Nach Ansicht des Generalanwalts sind die Rechtsfolgen von Aufträgen zum Erwerb von Finanzprodukten, die ein im Staat A wohnhafter Verbraucher aufgrund einer ständigen Geschäftsbeziehung einer im Staat B ansässigen Bank erteilt, nach dem Recht zu beurteilen, das die Parteien in dem Vertrag bestimmt haben, mit dem die Geschäftsbeziehung begründet wurde, auch wenn die Voraussetzungen für die Anwendung von Art 6 Abs 1 VO (EG) 593/2008 (Rom I-VO) (auf den Verbraucherstaat ausgerichtete Tätigkeit) nach Abschluss dieses Vertrags eintreten und bei Erteilung der einzelnen Aufträge erfüllt sind.
Schlussanträge des Generalanwalts 22. 5. 2025, C-279/24, Liechtensteinische Landesbank
Zum Vorabentscheidungsersuchen OGH 8. 4. 2024, 1 Ob 151/23x, Rechtsnews 35367 = RdW 2024/220.
Entscheidung
In Anbetracht dieses Antwortvorschlags zur ersten Vorlagefrage erübrigte sich eine Prüfung der zweiten und der dritten Vorlagefrage. Der Generalanwalt behandelte sie dennoch der Vollständigkeit halber und für den Fall, dass der EuGH sich seinem Antwortvorschlag zur ersten Vorlagefrage nicht anschließen sollte:
Wäre Art 6 Rom I-VO demnach grds anwendbar, möchte der OGH mit der zweiten Vorlagefrage wissen, ob die Voraussetzungen für die Ausnahme nach Art 6 Abs 4 lit a Rom I-VO betr Verträge erfüllt sind, bei denen „die dem Verbraucher geschuldeten Dienstleistungen ausschließlich in einem anderen als dem Staat erbracht werden müssen, in dem der Verbraucher seinen gewöhnlichen Aufenthalt hat“, wenn die Bank wie hier auf Grundlage des Vertrags Konten für den in einem anderen Mitgliedstaat ansässigen Verbraucher eröffnet und sodann aufgrund von Aufträgen des Verbrauchers für diesen Finanzprodukte erwirbt, die den Konten zugeschrieben werden, wobei der Verbraucher die Aufträge (auch) im Weg der Fernkommunikation erteilen kann. Der Generalanwalt hält diesbezüglich die Ausnahme des Art 6 Abs 4 Buchst a Rom I-VO nicht anwendbar.

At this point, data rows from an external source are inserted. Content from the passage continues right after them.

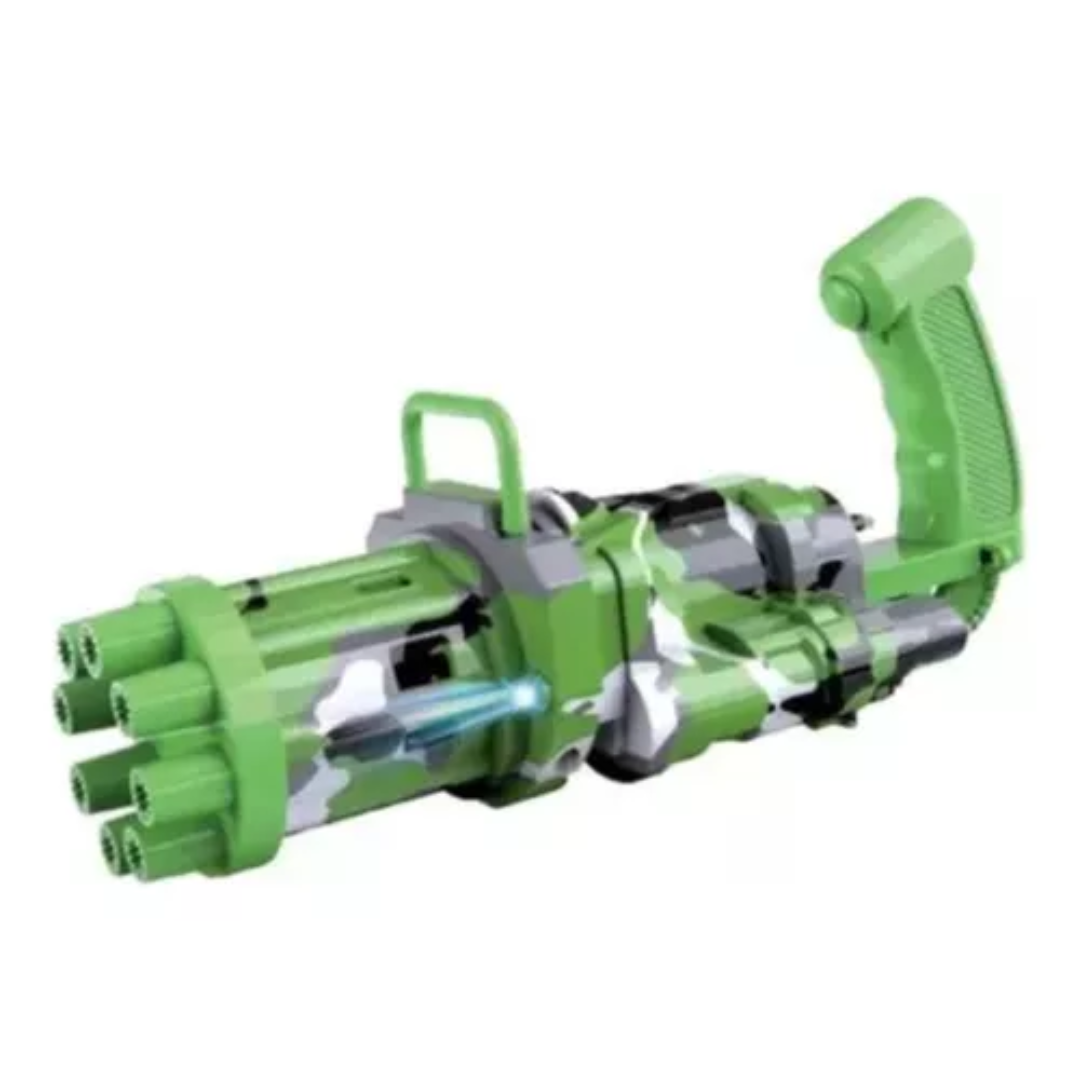 Miniatura 2 de Pistola De Burbujas Eléctrica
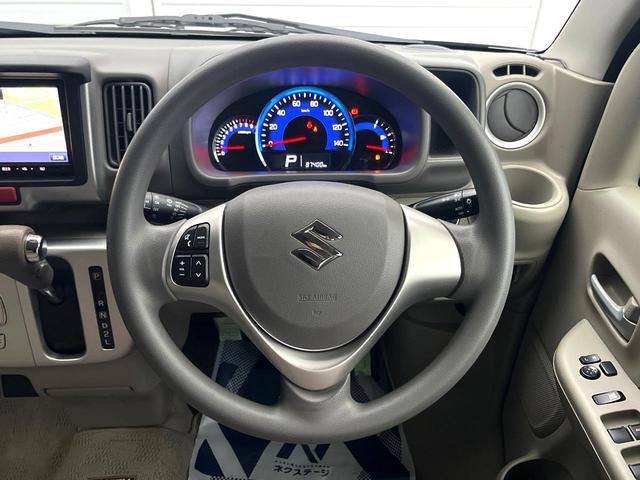 エブリイワゴン ＰＺターボ　電動スライドドア　衝突被害軽減システム　スマートキー　ＨＩＤヘッド　ＥＴＣ　純正１４インチアルミ　オートエアコン　ＣＤ　ＤＶＤ再生　フルセグ（11枚目）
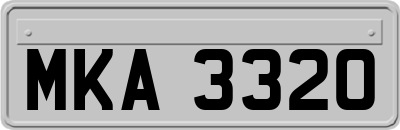 MKA3320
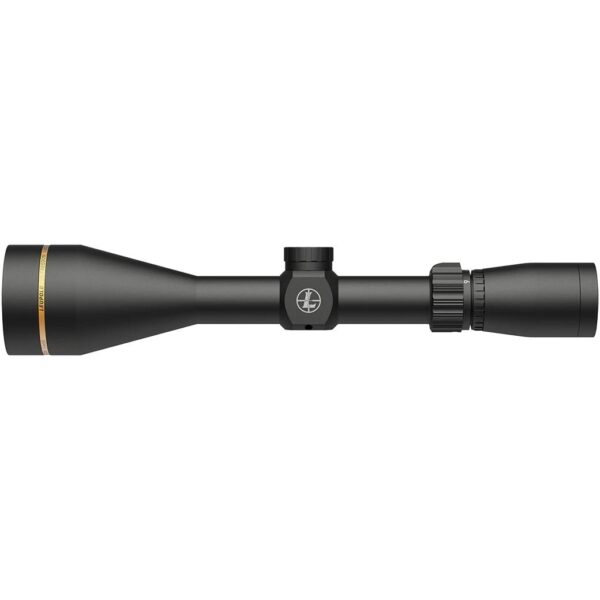 Leupold VX-Freedom Rifle Scope 3-9x50 SFP Hunt-Plex Non Illum. Black - Precision Shot Firearms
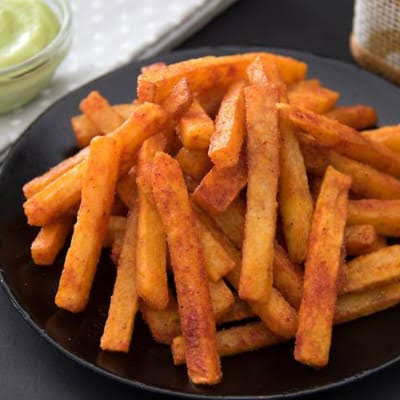 Peri Peri Fries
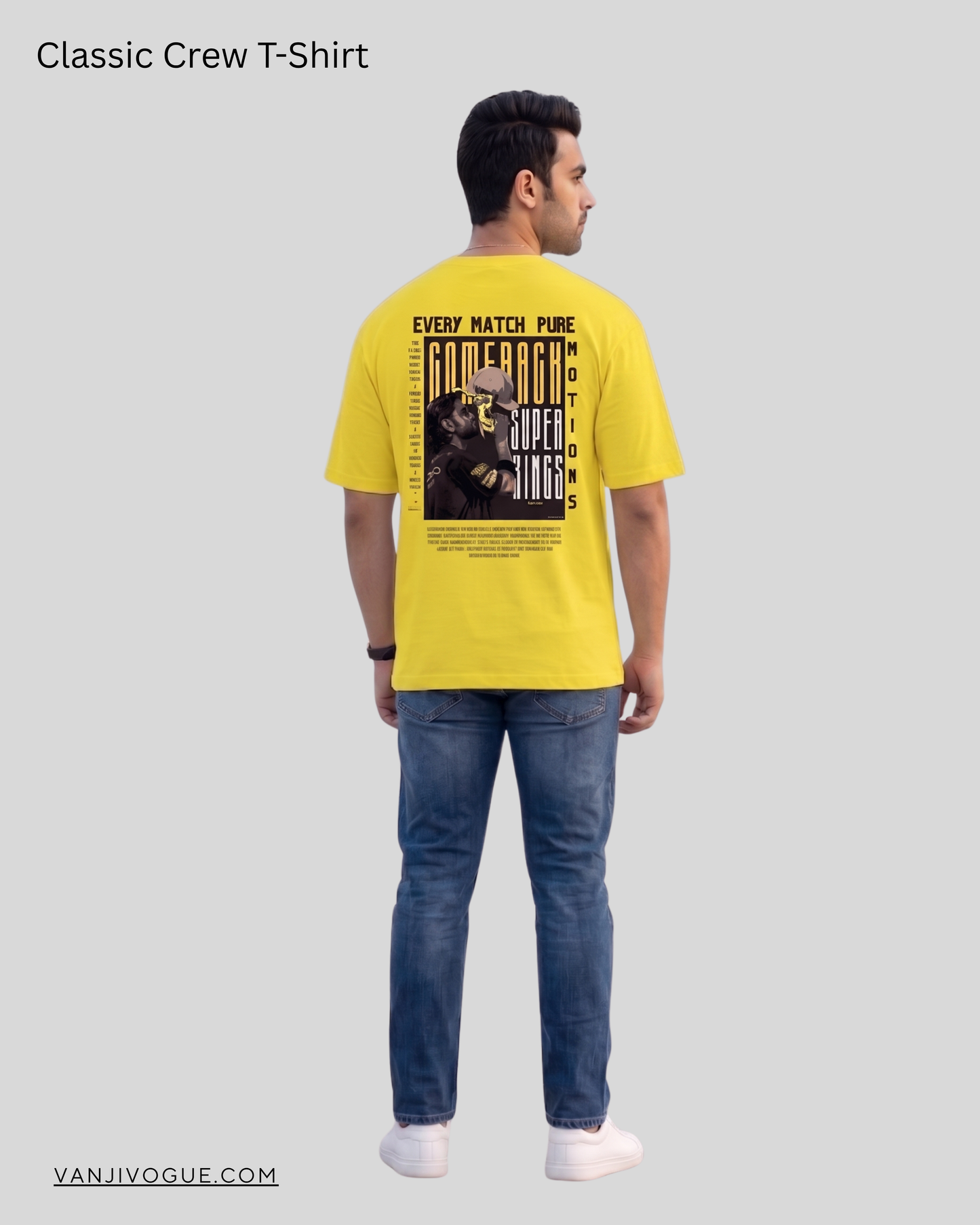 MSD Conquered -Unisex Tees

Für den Fall der Verneinung der Frage 2 und der Anwendbarkeit des Art 6 Rom I-VO (und damit Anwendbarkeit des italienischen Recht) wäre eine Rechtswahl zwar möglich, dürfte aber nach Art 6 Abs 2 Rom I-VO nicht dazu führen, dass dem Verbraucher der Schutz entzogen wird, der ihm durch das zwingende Recht seines Aufenthaltsstaates gewährt wird. Damit stellt sich für den OGH im konkreten Fall die Frage, ob die von den Parteien getroffene Rechtswahl (vor Eintreten der Voraussetzungen für die Anwendung von Art 6 Rom I-V) weiterhin zu beachten ist, obwohl darin nicht – iSd Rs C-191/15 (= RdW 2016/454) – auf die Rechtsfolgen des Art 6 Abs 2 Rom I-VO hingewiesen wurde.
Der Generalanwalt vertritt dazu die Auffassung, dass eine Rechtswahlklausel nicht als missbräuchlich iSv Art 3 Abs 1 RL 93/13/EWG [über missbräuchliche Klauseln in Verbraucherverträgen; KlauselRL] anzusehen ist, wenn der Verbraucher zum Zeitpunkt des Vertragsschlusses nicht auf die Rechtsfolgen des Art 6 Abs 2 Rom I-VO hingewiesen wurde, die Voraussetzungen für die Anwendung dieses Art 6 aber erst nach Vertragsschluss eingetreten sind.